Implementing a toy programming language in R

R
programming
Published

July 25, 2024

In my ever ongoing endeavor to understand the inner workings of R I started poking around the source code for R’s read-eval-print loop.1 From there, I did the usual Googling and came across Robert (Bob) Nystrom’s book Crafting Interpreters. Needless to say I was overjoyed and wanted to dive right in, but alas, now is not quite the right time for me to start crafting my own fully-featured programming language from scratch.

What I do have time for, however, is spending a few hours across a one or two summer evenings on implementing just a tiny little toy language in R. Why on earth would you use R for such a thing, you ask? Good question. Since this whole mess started with me wanting to gain a deeper understanding of R, and since it’s the only language I know well enough to make it happen in a few evenings, here we are. In this post I will show you how I implemented — using only base R — my own very small, very polite and very impractical programming language named please.

1 Design goals

I quickly sketched out the design and basic implementation of please on a sheet of paper. It looked like the deranged scribblings of a madman, but summarized what I wanted to achieve:

  • A handful of functions to print strings, add and multiply numbers, clear the output, and exit
  • A keyword that signals end of input, similar to how C and C-like languages use semicolons; maybe something like please? That would be very polite!
  • A way to run please code, ideally hiding the fact that the whole thing runs on R in the background
  • Make the language as robust as possible, with user-friendly error messages
  • Avoid external dependencies; only base R is allowed

This will not amount to anything even close to Turing complete, but it will require me to whip together the bare essentials of a programming language.

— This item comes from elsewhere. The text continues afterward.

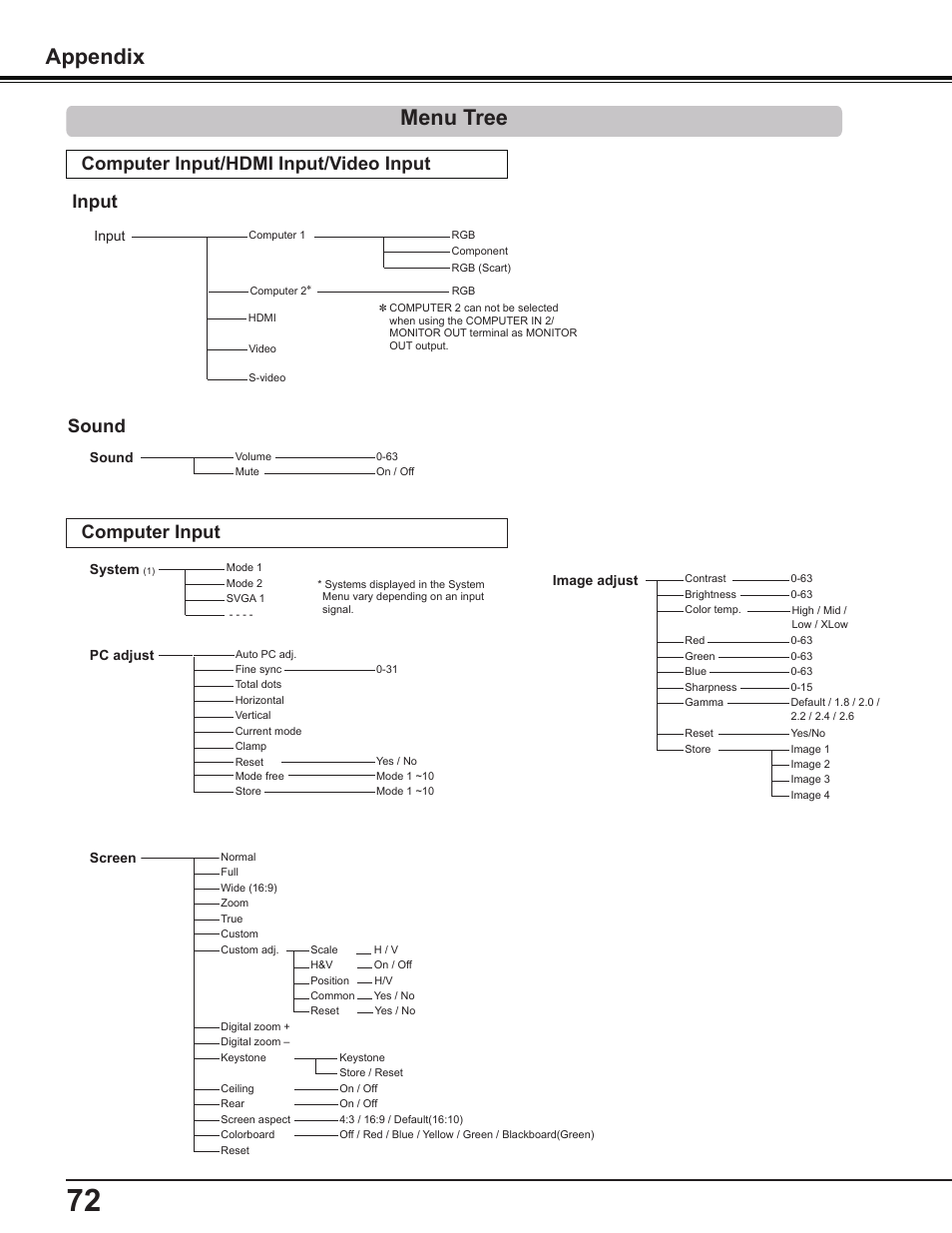 Menu tree, Appendix, Computer input | Computer input/hdmi input/video input sound, Input | Sanyo PDG-DWL2500 User Manual | Page 72 / 82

2 What’s in a programming language?

Let’s consider first what a tiny little programming language like please needs to get going. There are three basic requirements:

  1. A lexer, which will make sense out of the input
  2. A parser, which will attach meaning to the input
  3. An interpreter, which will evaluate the input

This is not always the case, but holds true in general. Some languages make use of a compiler to turn code written in one language, typically a high-level language, into code written in another, typically a low-level language. Such fanciness is not on the table here. In fact, please will be purely interpreted; you can’t even put code into a file and run it from there.2

3 The please lexer

Consider the following sample input:

add 1 1 please

Before lexical analysis, this is just meaningless gibberish; a stream of characters with no inherent meaning.3 The job of a lexer, otherwise known as a scanner, is to turn gibberish into syntactically meaningful tokens. In natural language, tokens are nouns, verbs, punctuation and so on. In a programming language, tokens are functions, operators, symbols and everything else we use to make stuff happen. As such, tokens are the smallest meaningful units of a programming language.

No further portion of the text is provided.